Arguments in a federal lawsuit over Jackson Mississippi’s ordinance governing sex-oriented businesses will resume Oct. 10.
Babe’s Show Club and Secrets Cabaret filed suit against the city in February 2001, calling the ordinance unconstitutional. The trial began Sept. 16 and attorneys completed their presentations by mid-Friday.
U.S. District Judge Henry Wingate asked attorneys for each side to file additional documents in the case by Oct. 6.
What the city ordinance says:
Jackson’s adult entertainment ordinance requires employees of sex-oriented businesses to undergo background checks, be licensed, and it prohibits operation on Sundays.
The city ordinance also restricts adult entertainment businesses to locating only in light industrial districts. Adult entertainment businesses must be more than 1,000 feet from churches, schools, playgrounds, parks or property zoned for residential use.
Back Story: Babe’s Show Club and Secrets Cabaret allege the ordinance is unconstitutional because it violates dancers’ freedom of expression.
City attorneys say the ordinance promotes public health, safety and morals. U.S. District Judge Henry Wingate will hear the case, filed in February 2001.
Jackson’s public nudity and zoning ordinances that previously regulated adult entertainment clubs have been upheld in state and federal courts.
The current ordinance, effective since January 2001, was developed from similar statutes in other cities.
“We crafted it pretty much based on legal advice every step of the way,” said Ward 4 Councilman Bo Brown, who will testify.

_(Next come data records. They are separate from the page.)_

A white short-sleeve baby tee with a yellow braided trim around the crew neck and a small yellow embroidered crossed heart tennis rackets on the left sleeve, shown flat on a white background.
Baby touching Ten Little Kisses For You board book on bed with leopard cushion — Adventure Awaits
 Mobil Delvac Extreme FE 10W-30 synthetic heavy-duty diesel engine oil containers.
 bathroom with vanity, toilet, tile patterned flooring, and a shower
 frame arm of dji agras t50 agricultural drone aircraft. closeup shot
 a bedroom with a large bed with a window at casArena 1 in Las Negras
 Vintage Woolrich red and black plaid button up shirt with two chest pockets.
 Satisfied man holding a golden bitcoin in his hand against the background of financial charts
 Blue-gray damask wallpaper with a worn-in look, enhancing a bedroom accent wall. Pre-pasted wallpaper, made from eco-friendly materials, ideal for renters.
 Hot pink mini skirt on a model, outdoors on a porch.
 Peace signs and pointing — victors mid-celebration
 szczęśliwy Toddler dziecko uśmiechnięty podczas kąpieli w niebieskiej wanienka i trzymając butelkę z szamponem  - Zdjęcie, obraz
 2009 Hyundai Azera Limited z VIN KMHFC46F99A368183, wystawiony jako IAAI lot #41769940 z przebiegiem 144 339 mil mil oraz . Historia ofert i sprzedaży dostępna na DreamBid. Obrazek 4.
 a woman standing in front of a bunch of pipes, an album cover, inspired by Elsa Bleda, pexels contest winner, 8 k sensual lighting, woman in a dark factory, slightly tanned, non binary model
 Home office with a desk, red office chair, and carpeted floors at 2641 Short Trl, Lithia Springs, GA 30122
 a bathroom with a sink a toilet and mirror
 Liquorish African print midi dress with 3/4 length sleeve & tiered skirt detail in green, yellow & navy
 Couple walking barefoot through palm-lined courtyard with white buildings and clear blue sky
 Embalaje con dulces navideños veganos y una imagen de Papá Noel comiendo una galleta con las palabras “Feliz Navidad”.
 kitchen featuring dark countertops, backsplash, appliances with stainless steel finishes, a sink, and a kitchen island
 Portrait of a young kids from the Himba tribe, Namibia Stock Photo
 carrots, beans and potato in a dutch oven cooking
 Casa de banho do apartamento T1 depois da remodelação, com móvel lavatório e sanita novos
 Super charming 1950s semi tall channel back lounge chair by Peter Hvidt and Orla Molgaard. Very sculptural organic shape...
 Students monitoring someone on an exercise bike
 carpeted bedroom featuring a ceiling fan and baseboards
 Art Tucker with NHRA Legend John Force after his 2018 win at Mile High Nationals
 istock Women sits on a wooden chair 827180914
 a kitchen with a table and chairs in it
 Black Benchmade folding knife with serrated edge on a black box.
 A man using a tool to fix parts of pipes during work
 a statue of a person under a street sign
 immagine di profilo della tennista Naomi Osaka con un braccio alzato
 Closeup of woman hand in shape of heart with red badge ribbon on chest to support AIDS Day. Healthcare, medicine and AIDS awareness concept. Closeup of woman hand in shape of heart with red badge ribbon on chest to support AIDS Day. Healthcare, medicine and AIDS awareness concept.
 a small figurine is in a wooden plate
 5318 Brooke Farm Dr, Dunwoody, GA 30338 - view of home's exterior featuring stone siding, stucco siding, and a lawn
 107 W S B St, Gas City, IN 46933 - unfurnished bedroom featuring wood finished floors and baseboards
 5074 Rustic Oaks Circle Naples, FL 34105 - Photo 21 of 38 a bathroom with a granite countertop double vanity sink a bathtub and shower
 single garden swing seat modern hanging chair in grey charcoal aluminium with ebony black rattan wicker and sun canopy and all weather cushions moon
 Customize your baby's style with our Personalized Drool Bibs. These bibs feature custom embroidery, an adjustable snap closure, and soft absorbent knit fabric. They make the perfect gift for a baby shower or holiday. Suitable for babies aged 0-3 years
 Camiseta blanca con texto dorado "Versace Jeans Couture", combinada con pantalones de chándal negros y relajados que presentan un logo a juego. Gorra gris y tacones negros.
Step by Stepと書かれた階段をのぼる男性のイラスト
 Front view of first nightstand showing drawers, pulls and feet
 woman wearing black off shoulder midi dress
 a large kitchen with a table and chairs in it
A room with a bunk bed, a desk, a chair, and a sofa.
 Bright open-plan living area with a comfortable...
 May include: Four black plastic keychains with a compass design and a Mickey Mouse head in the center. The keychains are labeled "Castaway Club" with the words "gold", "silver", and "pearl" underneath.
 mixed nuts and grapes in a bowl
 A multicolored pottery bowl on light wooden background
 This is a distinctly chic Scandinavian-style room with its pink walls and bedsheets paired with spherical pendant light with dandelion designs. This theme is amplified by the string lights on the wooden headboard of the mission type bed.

The ordinance denies the club owners’ rights to free expression, speech and private property, according to the businesses’ lawsuit.
The city’s ordinance requires employees to undergo background checks, obtain licenses and limits dancing. Clubs are prohibited from operating on Sundays and can be searched by police anytime.
“These restrictions impact speech and expression adversely,” said the clubs’ attorney, Luke Lirot, of Tampa, Fla. “If people don’t enjoy this type of business they don’t have to patronize it.”
Lirot, along with Jackson attorney Christopher Ganner, are asking the judge to also make the city pay the clubs’ legal fees.
Jackson attorney Sam Begley said the ordinance was implemented in response to increased criminal activity in and around sex-oriented businesses.
Arrests in the area have included charges of prostitution and having sex in a public place, he said.
City attorneys, officers and those who were council members in 2000 will testify, Begley said.
“These adult entertainment establishments are constantly testing municipal ordinances to see if they can chip away at any of the provisions,” said Begley, hired by the council in July to represent Jackson because the city attorney’s office is understaffed.
Lirot said he will use a criminologist to argue that the adult clubs do not affect the crime rate. Jackson has fewer adult clubs and more crime than other Southeastern cities, he said.
An immunologist will testify about the health risks that are not much more dangerous than “if you bumped into someone at a grocery store,” Lirot said. An anthropologist will discuss the dancing, and two or three dancers also may testify.
“It’s always a pleasure for me to have these cases go to trial and debunk these stereotypes,” Lirot said.